Autocomplete across multiple fields

Hello,

I read about two search-as-you-type technics, one from "Definitive Guide" with edge-ngrams and another with Prefix Suggester at https://www.elastic.co/guide/en/elasticsearch/reference/current/search-suggesters-completion.html which gave an initial overview of the ES autocomplete capabilities and shed light on one possible way to do that.

This is a typical address autocompletion, which involves 5 fields : [Country, City, District, Ward, Street].
For example full address might be ['Canada', 'Toronto', 'East York', 'Crescent Town', 'The Market Pl'] (almost made up for illustration purposes)
Country field (for now) is excluded from the input, so query should be performed only across city, district, ward and street.
User can start typing anything that he is thinking about (true random input generator in place!):
East York
York
Crescent
Market Pl
etc.

What is the suggested approach to creating a robust and effective autocompletion solution in this situation?
Should I combine all those fields into one and use edge-ngrams?

Hey,

if you use the completion suggester, there is no need for edge-ngrams - it is a prefix suggester however (please make sure that you understand the limitations of this!), so you need each of those as your own input. There are two strategies now. Either have an own suggester for each field and merge the results on the client side. Or take those five field contents and create a single suggester field, that returns a well normalized output.

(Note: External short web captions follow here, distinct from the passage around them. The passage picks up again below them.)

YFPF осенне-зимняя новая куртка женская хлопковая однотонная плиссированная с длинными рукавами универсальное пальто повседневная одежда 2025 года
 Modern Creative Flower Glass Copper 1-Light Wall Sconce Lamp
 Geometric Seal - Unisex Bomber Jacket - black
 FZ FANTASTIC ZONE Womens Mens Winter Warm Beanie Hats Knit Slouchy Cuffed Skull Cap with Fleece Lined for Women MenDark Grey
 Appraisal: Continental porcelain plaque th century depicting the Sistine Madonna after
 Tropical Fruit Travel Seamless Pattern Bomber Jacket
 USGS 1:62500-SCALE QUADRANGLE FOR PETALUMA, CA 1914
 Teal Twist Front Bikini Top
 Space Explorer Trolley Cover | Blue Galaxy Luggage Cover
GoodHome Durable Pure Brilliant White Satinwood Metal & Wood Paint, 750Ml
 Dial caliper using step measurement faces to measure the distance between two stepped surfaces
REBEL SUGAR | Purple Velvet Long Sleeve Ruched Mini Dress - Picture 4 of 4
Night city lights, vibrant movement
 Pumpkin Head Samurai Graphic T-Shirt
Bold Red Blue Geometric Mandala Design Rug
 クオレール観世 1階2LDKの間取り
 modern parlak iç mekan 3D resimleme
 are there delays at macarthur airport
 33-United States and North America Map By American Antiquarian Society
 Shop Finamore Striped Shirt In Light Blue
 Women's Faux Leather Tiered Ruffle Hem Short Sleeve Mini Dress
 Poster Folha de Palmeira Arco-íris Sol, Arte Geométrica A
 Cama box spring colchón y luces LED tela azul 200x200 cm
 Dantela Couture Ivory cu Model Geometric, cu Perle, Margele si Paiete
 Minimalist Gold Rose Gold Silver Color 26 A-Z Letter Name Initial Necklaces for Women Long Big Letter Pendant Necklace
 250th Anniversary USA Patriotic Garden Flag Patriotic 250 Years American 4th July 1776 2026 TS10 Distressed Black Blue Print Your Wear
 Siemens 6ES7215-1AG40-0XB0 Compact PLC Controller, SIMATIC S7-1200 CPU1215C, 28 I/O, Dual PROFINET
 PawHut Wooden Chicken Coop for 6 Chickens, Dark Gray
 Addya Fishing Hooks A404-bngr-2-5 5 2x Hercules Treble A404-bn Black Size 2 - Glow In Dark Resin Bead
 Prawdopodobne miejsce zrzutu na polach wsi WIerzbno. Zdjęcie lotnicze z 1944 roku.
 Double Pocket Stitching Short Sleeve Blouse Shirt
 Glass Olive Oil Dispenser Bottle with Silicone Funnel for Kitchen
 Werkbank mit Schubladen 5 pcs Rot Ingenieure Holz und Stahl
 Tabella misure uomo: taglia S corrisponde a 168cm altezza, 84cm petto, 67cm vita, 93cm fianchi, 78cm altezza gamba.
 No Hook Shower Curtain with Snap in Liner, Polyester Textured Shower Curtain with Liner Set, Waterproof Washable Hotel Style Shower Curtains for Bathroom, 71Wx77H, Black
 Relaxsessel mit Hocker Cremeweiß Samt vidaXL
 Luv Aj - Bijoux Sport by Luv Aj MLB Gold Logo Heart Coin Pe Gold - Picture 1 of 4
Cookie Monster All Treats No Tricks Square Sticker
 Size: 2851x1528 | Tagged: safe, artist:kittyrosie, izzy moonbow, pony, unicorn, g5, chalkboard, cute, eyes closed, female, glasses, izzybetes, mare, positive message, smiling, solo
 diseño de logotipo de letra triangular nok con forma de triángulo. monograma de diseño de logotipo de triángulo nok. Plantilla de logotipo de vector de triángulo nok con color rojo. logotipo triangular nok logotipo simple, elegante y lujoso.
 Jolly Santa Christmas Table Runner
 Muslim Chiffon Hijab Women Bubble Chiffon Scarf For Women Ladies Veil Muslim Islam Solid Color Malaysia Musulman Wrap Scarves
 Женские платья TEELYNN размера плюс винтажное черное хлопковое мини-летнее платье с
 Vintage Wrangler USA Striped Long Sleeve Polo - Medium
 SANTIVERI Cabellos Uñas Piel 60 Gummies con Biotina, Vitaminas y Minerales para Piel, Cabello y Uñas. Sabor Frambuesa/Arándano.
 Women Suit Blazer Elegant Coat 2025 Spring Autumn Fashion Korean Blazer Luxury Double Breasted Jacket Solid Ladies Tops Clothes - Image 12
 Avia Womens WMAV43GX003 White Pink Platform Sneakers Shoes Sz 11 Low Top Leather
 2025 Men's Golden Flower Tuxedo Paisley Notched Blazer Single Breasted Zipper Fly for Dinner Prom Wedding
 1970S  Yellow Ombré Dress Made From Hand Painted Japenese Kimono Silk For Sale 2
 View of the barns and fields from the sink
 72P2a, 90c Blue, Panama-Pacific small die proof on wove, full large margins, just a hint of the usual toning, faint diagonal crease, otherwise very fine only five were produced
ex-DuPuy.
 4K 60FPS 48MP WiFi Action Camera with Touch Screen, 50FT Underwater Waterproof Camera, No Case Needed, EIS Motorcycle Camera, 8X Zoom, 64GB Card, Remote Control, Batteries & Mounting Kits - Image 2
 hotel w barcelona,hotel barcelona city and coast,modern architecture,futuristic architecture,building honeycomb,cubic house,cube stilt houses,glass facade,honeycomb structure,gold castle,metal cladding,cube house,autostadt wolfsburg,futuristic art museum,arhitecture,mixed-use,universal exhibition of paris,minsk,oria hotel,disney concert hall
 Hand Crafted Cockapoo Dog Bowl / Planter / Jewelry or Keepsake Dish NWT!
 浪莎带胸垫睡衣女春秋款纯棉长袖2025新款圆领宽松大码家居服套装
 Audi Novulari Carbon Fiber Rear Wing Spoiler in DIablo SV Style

You should try out both, however the latter one not requiring client side merging might be easier.

--Alex

Hello @spinscale!

I'm trying to put together completion suggester for all 4 address fields as it's described at https://www.elastic.co/guide/en/elasticsearch/reference/current/search-suggesters-completion.html
As far as I understood there are two limitations:

  • it takes a time to build FST during document indexing
  • terms will be looked up from the beginning of the field's value, so a user can type "Tor" to see "Toronto", but won't get anything for typing "onto"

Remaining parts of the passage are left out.